What the law does not require
This distinction matters.
The law does not force the parties to actually sign a collective labour agreement in every case. What matters is that collective bargaining was genuinely initiated and carried out. This has been one of the key practical clarifications under the post-2022 framework.
For employers, this means that the real exposure is often not the failure to conclude, but the failure to demonstrate that the negotiation process was opened and handled correctly.
Who negotiates on behalf of employees
Where there is a representative trade union, the negotiation is conducted with that union. Where there is no such union, the law allows employees’ interests to be represented by elected employee representatives. Law no. 367/2022 also eased some of the rules around worker representation compared to the prior framework.
This is often where implementation starts to break down in practice.
Many employers know they have crossed the 10-employee threshold, but have not addressed the representation issue in time. Without a properly configured employee-side counterpart, the negotiation process becomes vulnerable from a compliance perspective.
Timing matters more than many employers think
The timing rules are not merely administrative.
Specialist commentary on the current law consistently points out that the negotiation process should be initiated in due time, including at least 60 days before the expiry of an existing collective agreement or addendum where such agreement already exists, and that the ordinary negotiation period is 45 days, unless extended by agreement.

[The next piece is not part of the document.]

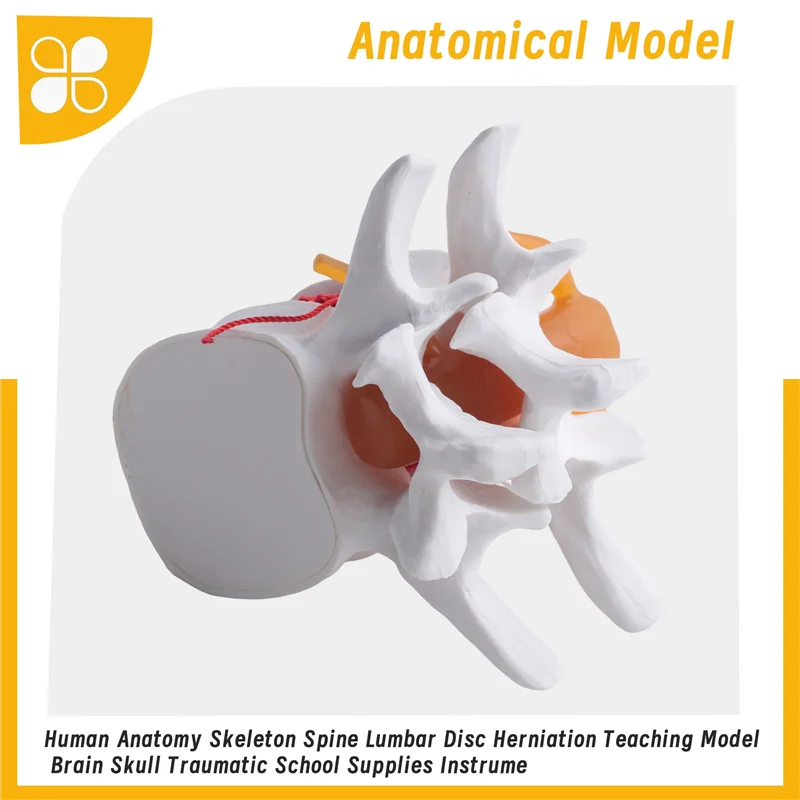 

A76F-Human Anatomy Skeleton Spine Lumbar Disc Herniation Teaching Model Brain Skull Traumatic School Supplies Instrume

Even where no agreement is eventually signed, employers should be able to document:
when the process was initiated;
who was invited to negotiate;
what meetings took place;
whether proposals and counterproposals were exchanged;
how the process concluded.
Why this is a real compliance issue
The reason this matters is simple: collective bargaining now sits at the intersection of labour compliance, employee relations and documentary risk.

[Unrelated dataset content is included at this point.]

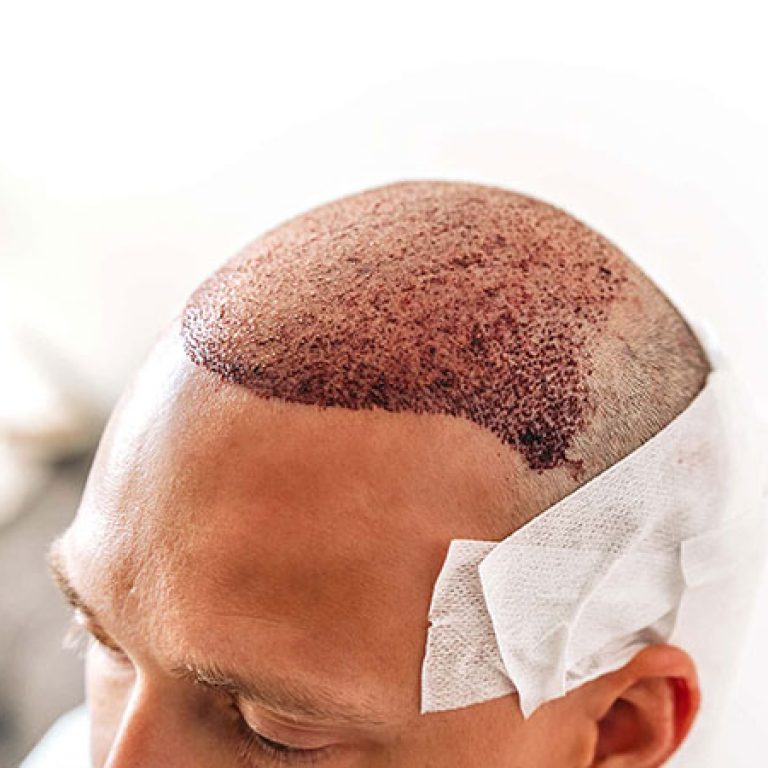 بعد 15 يوم من زراعة الشعر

In practice, employers are exposed where they:
ignore the threshold;
assume that lack of union means lack of obligation;
postpone the process because “nothing will come out of it anyway”;
treat the requirement as a purely formal exercise without maintaining proper records.
This is particularly risky because, under the current framework, the discussion is no longer whether collective bargaining is relevant for SMEs or mid-size employers. For many of them, it is simply a legal requirement.
What employers should be doing now
From a practical legal perspective, the correct approach is not to wait for conflict.
Employers that meet the threshold should verify, as a minimum:
whether they have crossed or maintained the 10-employee threshold;
whether there is a representative trade union or employee representatives in place;
whether the collective bargaining process has been initiated within the relevant timeline;
whether the file contains sufficient written evidence of the process.
In other words, this is one of those areas where compliance is built before the dispute, not during it.
Conclusion
Collective bargaining in Romania is no longer a labour law issue relevant only to large employers. It is a recurring compliance obligation for any business that reaches the statutory threshold.
The legal risk does not lie primarily in failing to sign a collective labour agreement. It lies in failing to initiate, conduct and document the negotiation process in accordance with the law.
For employers, the practical question is not whether collective bargaining will lead to an agreement, but whether the company is in a position to prove that it handled the legal obligation properly.